These ideas were the focus of the 2018 Manufacturing Outlook on December 5, presented by the Chamber’s economic development arm, the Springfield Business Development Corporation.

The keys to combining
A panel of local experts – Krisi Schell of SRC Holdings, Bill Hammitt of Amprod Holdings, LLC, and Jason Corson of BKD Corporate Finance, LLC – offered their own unique insights into the world of mergers, acquisitions, talent attraction and company growth.

Both SRC and Amprod have grown significantly in the past, due in large part to acquisitions and joint ventures. Hammitt said the key to a successful merger is making sure the organization being added is a good fit – and that starts with the people.

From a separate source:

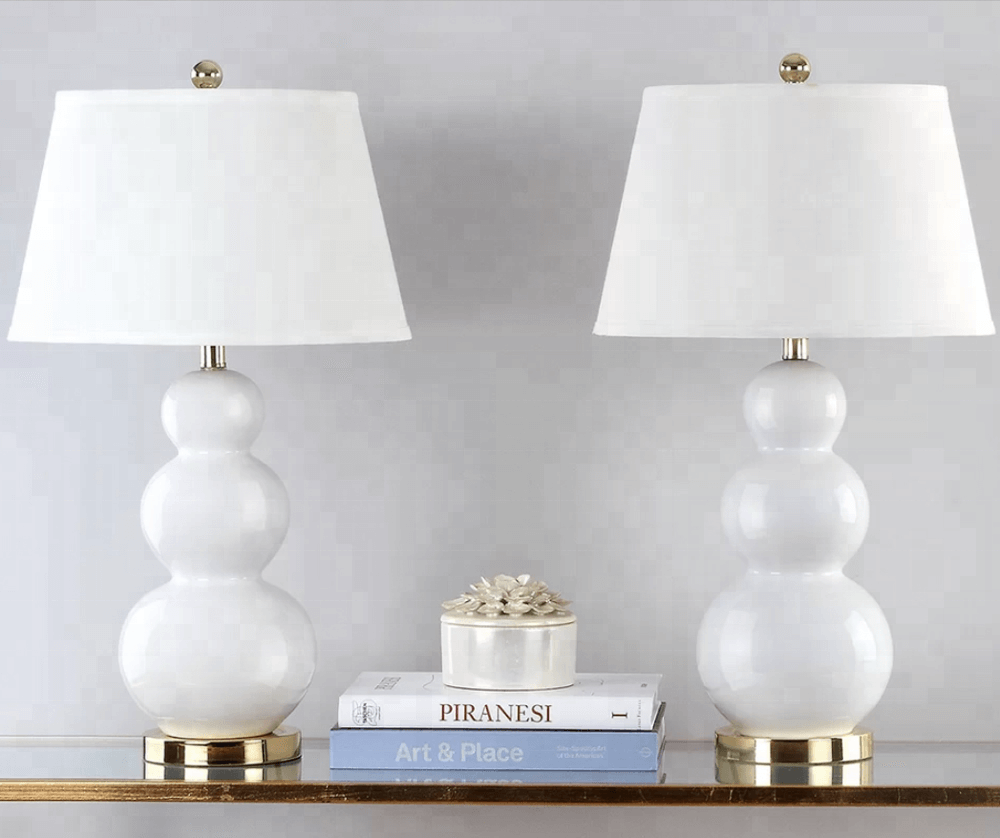 White Ceramic Table Lamp with Off-White Linen Shade & Brass Accents – HLHT7025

“What talents do they have, and how do they complement what we already do day to day?” he said. “There’s also leadership talent. You can tell right away which organizations have talent in their leadership – workforce talent is difficult to find as it is, and leadership talent is almost beyond imaginable at this point.”

Hammitt also noted the importance of matching company cultures, a point Schell said is especially important because of her company’s open-book management philosophy and SRC's focus on joint ventures.

“The people and the cultural alignment are keys,” she said. “With our need to be able to share that financial literacy, our partners know that drives performance. So being able to match that up is very important.”

Why combine?
But why do companies seek out a merger in the first place? Corson said there are several reasons that a company owner could be looking to sell – and many have nothing to do with the business needing help.

“Often the owner has reached retirement age and they may not have an easy transition option, so a third-party buyer is the best succession plan – in today’s environment, a lot of baby boomers are doing that,” Corson said. “Or it could be a growth strategy. They’ve done a great job, but they may have reached a ceiling with financial resources. Some clients come to us and see a growth opportunity in their market (by being acquired) and just need help executing the purchase.”

And one other potential driver for a merger is the same issue facing nearly every industry: the need for workforce. Both Hammitt and Schell said they look to grow their talent pool through both acquisitions as well as through recruitment and retention efforts.

“We’re partnering with educators at all levels, K-12, technical schools, universities,” Schell said. “We have a challenge to change perceptions about manufacturing. It’s about creating personal aspirations and career goals. And then when we find these key people, we have to make sure they enjoy what they do and find fulfillment.”

Hammitt echoed those thoughts, noting that the best recruitment tool for his company is already in his business.

“We had to start with the talent within and develop them, and to be honest we weren’t doing the best job of that,” he said. “We had to look in the mirror, take care of our own house first and know that our own people are our best recruiters – and then incentivize them to help us do that.”

How manufacturers survive
The Manufacturing Outlook began with a presentation from Dr. Sarah Low, associate professor of regional economics at the University of Missouri, who shared findings of her research about what makes a manufacturing plant resilient.

Dr. Low studied surveys of manufacturing facilities conducted in 1996 and followed those facilities over 15 years to see which ones survived that period – a time of significant economic turmoil, including major international trade changes and two recessions.

Overall, she found that about half of the manufacturing plants she studied survived the 15-year period. But not all were created equal:

  • Single-unit plants were much more likely to survive than a branch plant
  • Plants in rural areas were much more likely to survive than urban areas
  • Textiles and apparel did quite poorly during this period

Low said a single-unit facility would be more inclined to stay in business even during lean times, while a unit of a larger company might redeploy resources elsewhere during a down economy. And a plant in a rural facility might be more likely to stay open because of its importance to the community. “Small plants with local roots are more resilient,” she said, “so it might be prudent to invest in plants with entrepreneurial roots.”

And, she added, though urban areas offer advantages like economies of scale and centralized amenities, outlying areas counter with quality of life. “So think about that in terms of attracting workforce,” Low said. “Springfield is a thriving area, and with Missouri State here and the amenities here – the trails, the lakes – don’t be afraid to utilize those things to attract workforce and business to the area.”